Exercise brief | The answer is to be an exact copy of the lines below running from the line with "LENTEJA PARDINA GRANEL - LENTILS img0" down to the line with "2026 custody arrangement", both ends included, and nothing more.

Records shown |

■ ■ ■ ■ ■

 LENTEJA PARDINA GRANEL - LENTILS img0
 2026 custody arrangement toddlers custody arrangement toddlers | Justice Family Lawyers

■ ■ ■ ■ ■

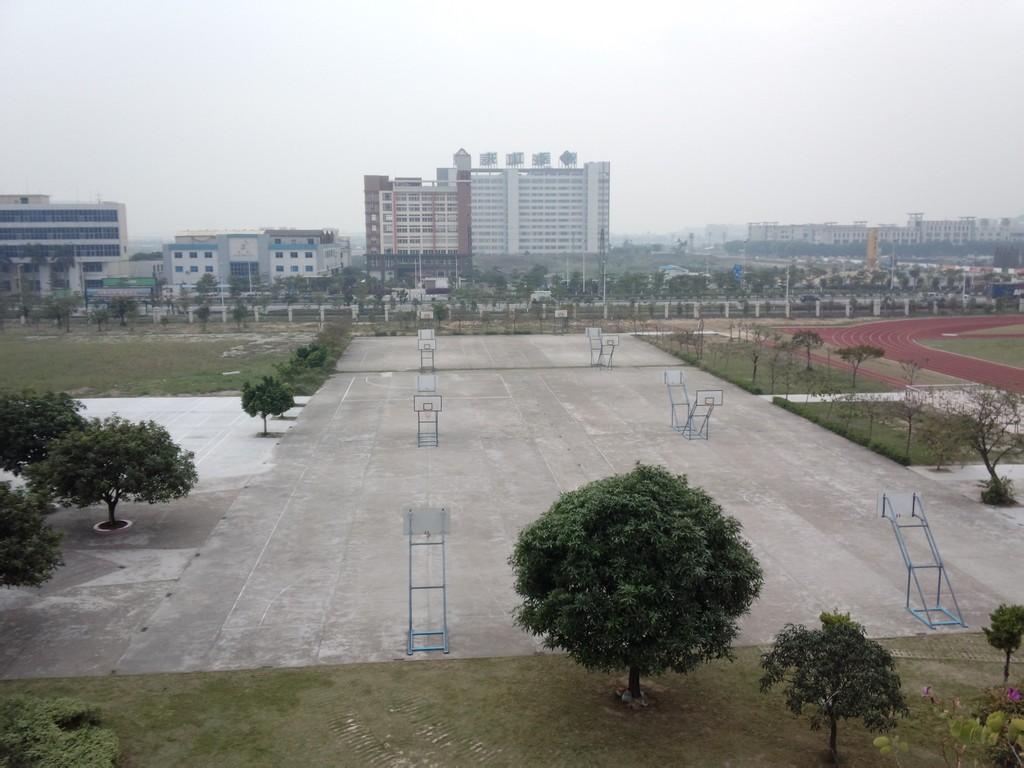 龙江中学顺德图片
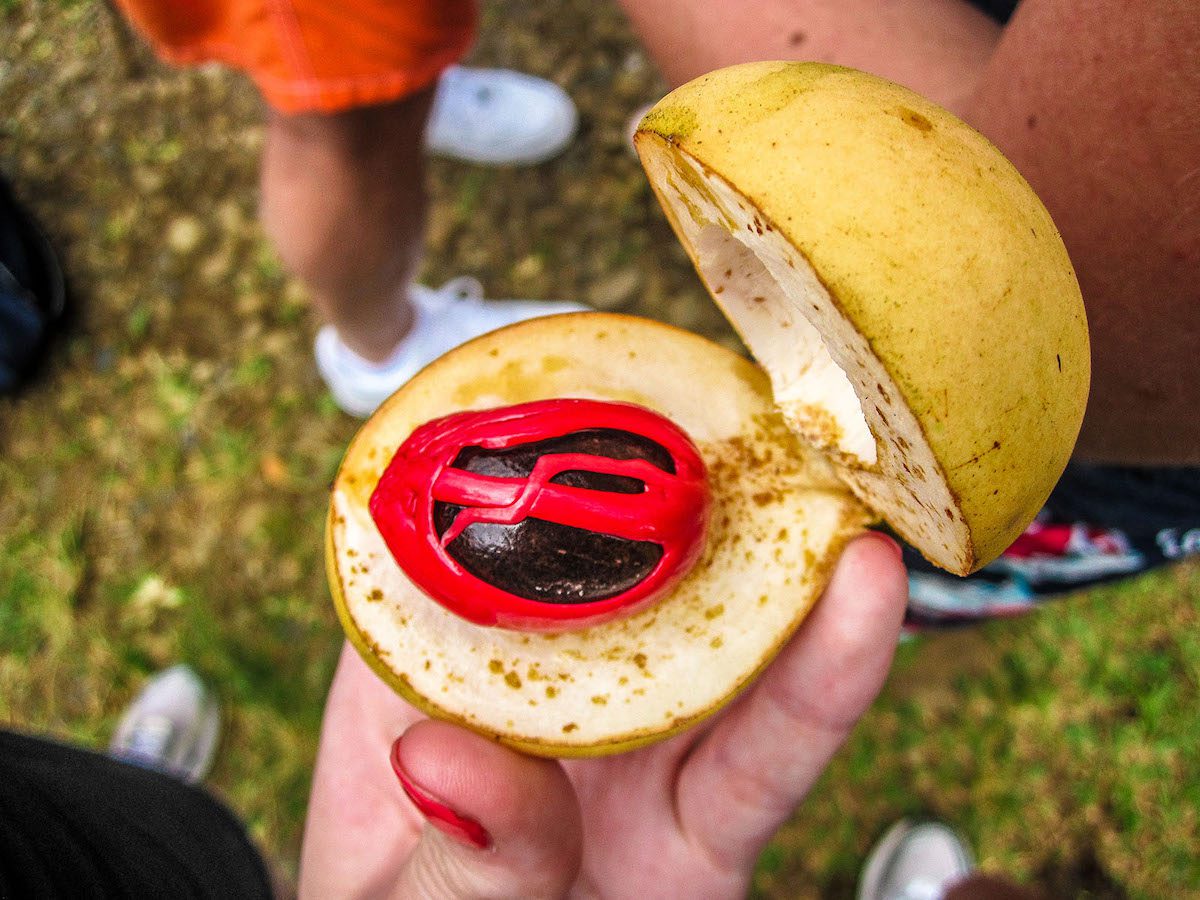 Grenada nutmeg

■ ■ ■ ■ ■

Response area |
 LENTEJA PARDINA GRANEL - LENTILS img0
 2026 custody arrangement toddlers custody arrangement toddlers | Justice Family Lawyers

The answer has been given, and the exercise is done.